* Entries taken from a collection *
== Segment start ==

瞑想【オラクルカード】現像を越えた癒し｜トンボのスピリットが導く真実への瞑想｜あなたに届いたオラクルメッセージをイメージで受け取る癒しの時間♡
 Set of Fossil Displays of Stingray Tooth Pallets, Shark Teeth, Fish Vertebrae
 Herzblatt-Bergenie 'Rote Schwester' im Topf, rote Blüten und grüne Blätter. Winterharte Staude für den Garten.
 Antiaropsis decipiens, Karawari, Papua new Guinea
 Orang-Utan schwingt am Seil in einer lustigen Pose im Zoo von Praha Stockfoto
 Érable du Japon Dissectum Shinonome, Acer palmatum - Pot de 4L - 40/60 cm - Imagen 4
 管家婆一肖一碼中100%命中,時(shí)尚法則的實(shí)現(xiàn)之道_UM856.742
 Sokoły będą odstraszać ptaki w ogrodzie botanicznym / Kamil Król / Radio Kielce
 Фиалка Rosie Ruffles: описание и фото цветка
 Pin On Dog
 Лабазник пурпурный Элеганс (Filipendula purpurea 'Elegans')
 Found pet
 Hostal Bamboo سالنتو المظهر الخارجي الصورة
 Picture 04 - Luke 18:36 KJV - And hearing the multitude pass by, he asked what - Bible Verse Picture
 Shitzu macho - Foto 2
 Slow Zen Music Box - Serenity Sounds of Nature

== Segment end ==

* WHAT THIS TASK INVOLVES *
Transcribe the records above with every character unchanged.

* TASK SOLUTION *
瞑想【オラクルカード】現像を越えた癒し｜トンボのスピリットが導く真実への瞑想｜あなたに届いたオラクルメッセージをイメージで受け取る癒しの時間♡
 Set of Fossil Displays of Stingray Tooth Pallets, Shark Teeth, Fish Vertebrae
 Herzblatt-Bergenie 'Rote Schwester' im Topf, rote Blüten und grüne Blätter. Winterharte Staude für den Garten.
 Antiaropsis decipiens, Karawari, Papua new Guinea
 Orang-Utan schwingt am Seil in einer lustigen Pose im Zoo von Praha Stockfoto
 Érable du Japon Dissectum Shinonome, Acer palmatum - Pot de 4L - 40/60 cm - Imagen 4
 管家婆一肖一碼中100%命中,時(shí)尚法則的實(shí)現(xiàn)之道_UM856.742
 Sokoły będą odstraszać ptaki w ogrodzie botanicznym / Kamil Król / Radio Kielce
 Фиалка Rosie Ruffles: описание и фото цветка
 Pin On Dog
 Лабазник пурпурный Элеганс (Filipendula purpurea 'Elegans')
 Found pet
 Hostal Bamboo سالنتو المظهر الخارجي الصورة
 Picture 04 - Luke 18:36 KJV - And hearing the multitude pass by, he asked what - Bible Verse Picture
 Shitzu macho - Foto 2
 Slow Zen Music Box - Serenity Sounds of Nature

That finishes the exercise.